2) I would steal and burn Young Dave’s piano key scarf so that he could never ever wear it again.
3) I would stop Terri Garr from acting again after Tootsie.
4) I would prevent Young Dave from actually standing in line to see Independence Day.
5) I would provide the Spartans at Thermopylae with repeating carbines and grenades, just for fun.
6) And I would make sure that George Perez drew tighter pencils in The Avengers #22.

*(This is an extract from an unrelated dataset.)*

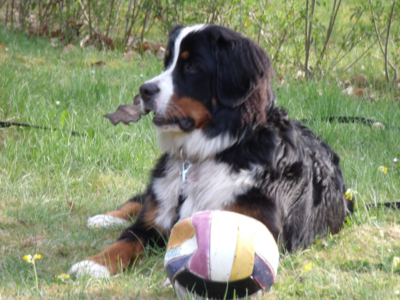 Hummel vom Rönnbaum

I don’t know what it is about this issue, but it lacks the clean, tight artwork that I’m accustomed to from George Perez. The art looks rushed and scratchy. Perez is credited with “breakdowns” for this issue and Al Vey is credited with “finished art,” so that might be the problem. Vey inked over Perez’s pencils for most of the Busiek/Perez era, and I always thought the stuff looked great, but perhaps in the crush of looming deadlines Perez only had time for looser pencils. The rendering and composition looks great, but there’s a rough quality to the work that throws me off.
Why would I care? Because The Avengers #22 has like, one of the most kick-ass scenes of any Avengers comic ever! I just think it deserves the full-on Perez magic, that’s all.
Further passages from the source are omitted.